気分、読みどころ、向いている読者を店頭POPのようにまとめました。

こんな時に
国際的な題材と本格ミステリーの奇想をまとめて読みたい時
刺さるポイント
ボスニアの凄惨な事件と、仮想世界のような構図が御手洗潔の推理でつながっていく
向いている人
重い社会背景を含むミステリーや、現代的な題材を扱う御手洗潔作品を読みたい人

Reading Notes

読みどころメモ

音声レビューの要点

今日は、島田荘司さんの『リベルタスの寓話』をご紹介します。

本作は、御手洗潔が国際的な事件に向き合う中編集です。表題作では、ボスニア・ヘルツェゴヴィナで起きた凄惨な殺人事件が物語の中心になります。遺体の状態はあまりに異様で、容疑者には強いアリバイがある。さらに、現実の事件と仮想世界のような構図が重なり、何が事件の本質なのかがつかみにくいまま物語は進んでいきます。

この作品は、御手洗潔シリーズの中でも現代的で重い題材を扱っています。
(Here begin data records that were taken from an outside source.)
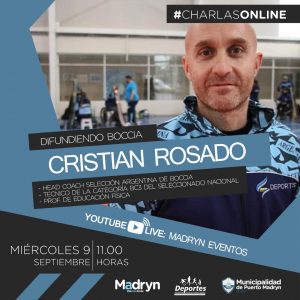 NUEVA SEMANA DEL CICLO DE CHARLAS ABIERTAS PARA TODO PÚBLICO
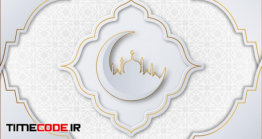 دانلود بک گراند مذهبی با موضوع ماه رمضان Ramadan Kareem Islamic Illustration Design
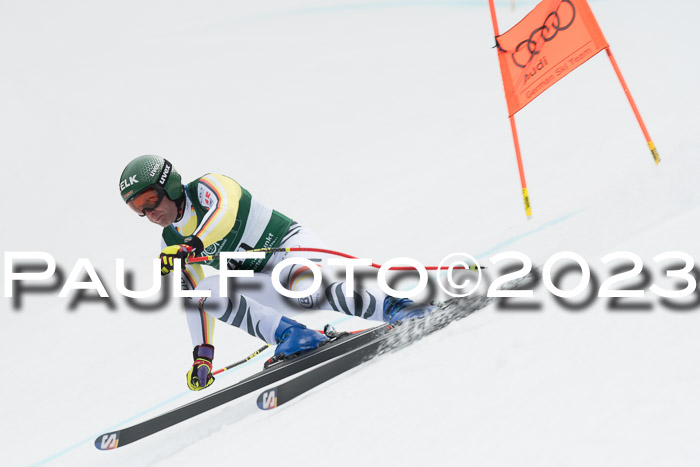 FIS + NJC DH Damen und Herren, Kandahar 23.03.2023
民族紛争の記憶、戦争が残す傷、ゲームやネットワーク的な世界の感覚が、単なる背景ではなく謎の構造に関わってきます。読んでいて軽快さだけを求める作品ではありませんが、現実の痛みと、ミステリーとしての大胆な発想が同時に立ち上がるところに強い個性があります。

収録作には、身体の一部をめぐる奇妙な事件を扱う中編もあり、こちらもまた、不可能に見える状況を御手洗が別の角度から読み替えていきます。どちらの作品も、事件の外見は刺激が強い一方で、真相へ向かうほど人間の歴史や恐怖に触れていく感触があります。

『リベルタスの寓話』は、御手洗潔シリーズの中でも、社会的な重さと本格推理の奇想を同時に味わいたい人に向いた一冊です。派手な謎だけでなく、その背後にある現代の不安まで読ませる作品です。